Ни один трагик в мире не мог бы передать этого страшного, разлетевшегося над морем шепота Доры. Она истинно была и грозна, и величественна в эту минуту.
– Зато, – начал Долинский, когда Дора, пройдясь несколько раз взад и вперед по берегу, снова села на свое место, – кончается мое незабвенное детство и с ним кончается все хорошее.
– Да… ну, продолжайте: какова была, например, любовь вашей жены вначале хотя бы? – расспрашивала, силясь успокоиться, Дора.
– А кто ее знает, что это была за любовь? Я только одно знаю, что это было что-то небескорыстное.
– Не понимаю.
– Ну и слава Богу.
– Нет, вы расскажите это.
– Говорю вам, что бескорыстья не было в этой любви. Не знаете, как любят как арендную статью?
– Все по праву требуют, а не по сердцу.
– Ну, вот вы и понимаете!
– А брат ваш?
– Я его очень любил, но мы как-то отвыкли друг от друга.
– Зачем же? Зачем же отвыкать?
– Разъехались, разбросало нас по разным местам.
– Как будто места могут разорвать любовь?
– Поддержать ее не умели.
– Это дурно.
– Да, хорошего ничего нет.
– Кто же это: вы ему перестали писать или он вам?
– Нет, он.
– А вы ему писали?
– Писал долго, а потом и я перестал.
Дорушка задумалась.
– Ну а сестра? – спросила она после короткой паузы.

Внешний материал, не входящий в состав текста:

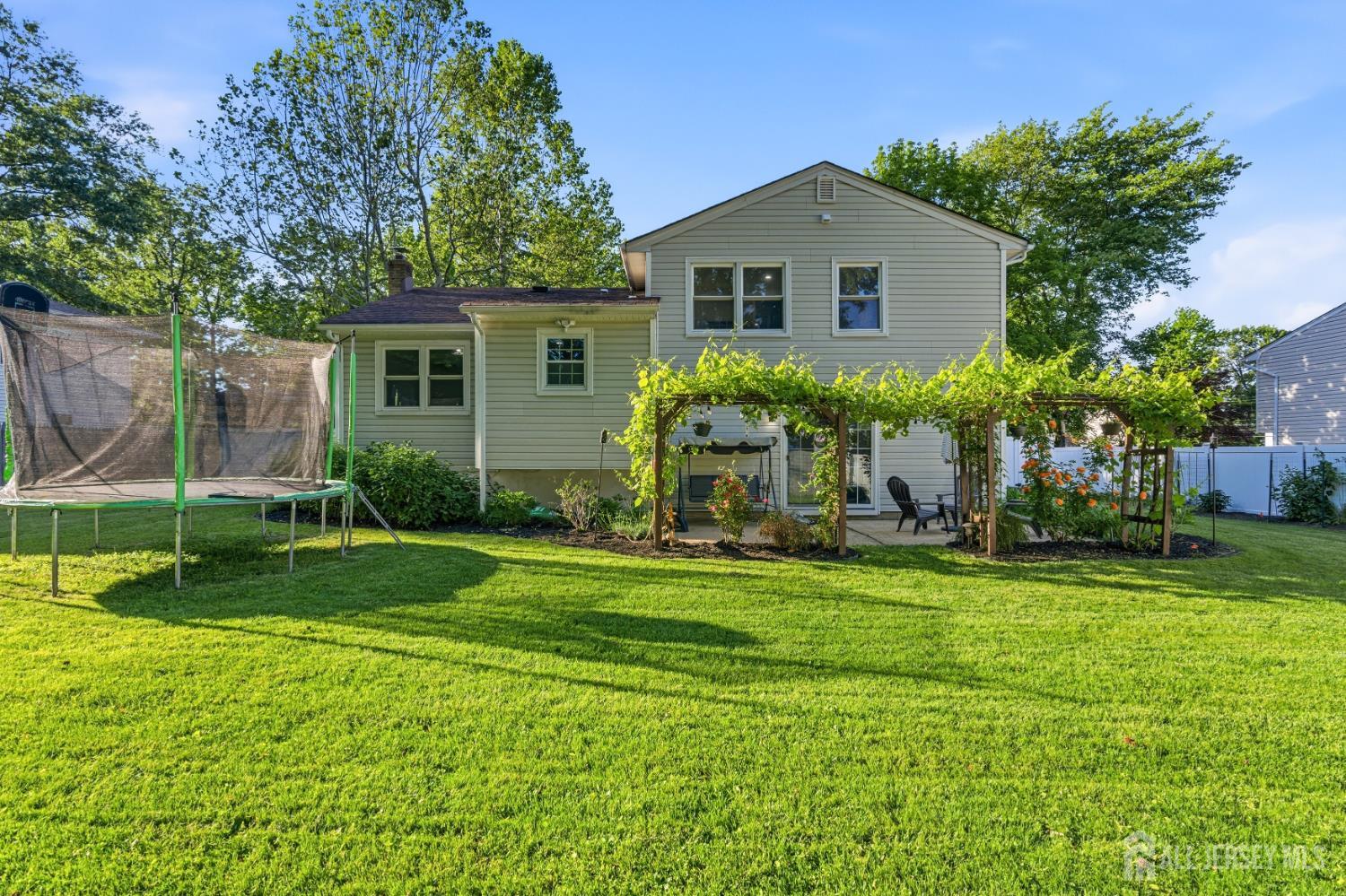 5 McKinley Street Edison, NJ 08820 - Photo 32 of 38 a front view of house with yard and green space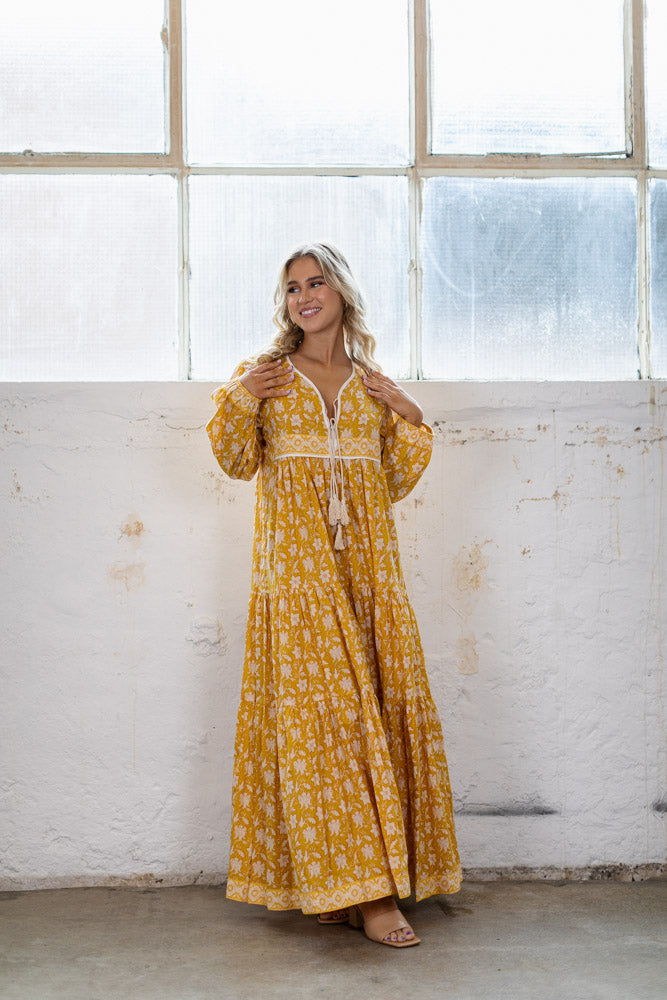 the Goa dress is a marigold yellow coloured cotton block print maxi dress with a long sleeve and border detail by Jipsi Cartel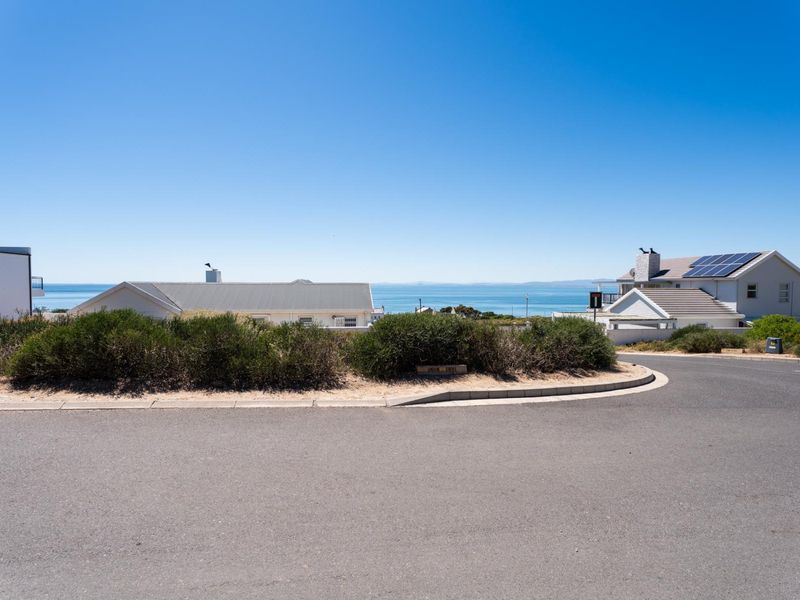 A clear street view of the residential area, showcasing the paved road, curb infrastructure, and surrounding coastal landscape.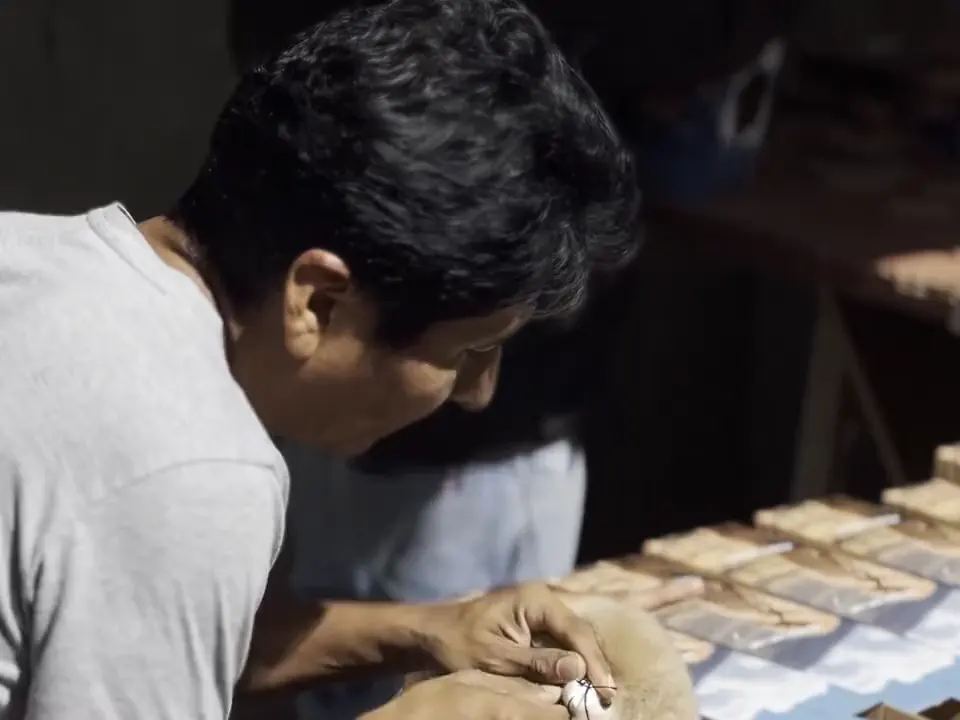 A face being stitched by hand on an alpaca toy in the Tubi workshop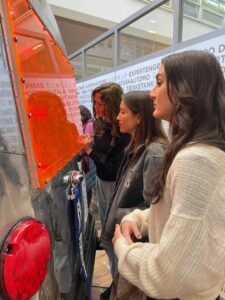 students looking into back window of renovated Airstream trailer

– Сестра моя?.. Бог ее знает! Говорят, так себе… барыня…
– По «правилам» живет, – смеясь, сказала Даша.
– По «правилам», – смеясь же, отвечал Долинский.
– Эгоистка она?
– Нет.
– А что же?
– Я вам сказал: барыня.
– Добрая?
– Так… не злая.
– Не злая и не добрая?
– Не злая и не добрая.
– Господи! В самом деле, с какою вы обстановкой жили после матери! Страшно просто.
– Теперь все это прошло, Дорушка. Теперь я живу с хорошими людьми. Вот, Анна Михайловна – хороший человек; вы – золотой человек.
– Анна – хороший, а я – золотой! Что же лучше: золотой или хороший?
– Обе вы хорошие человеки.
– Значит, «обе лучше». А которую вы больше любите?
– Вас, конечно.
– Ну, то-то.
Они рассмеялись и, наговорившись досыта, пошли домой.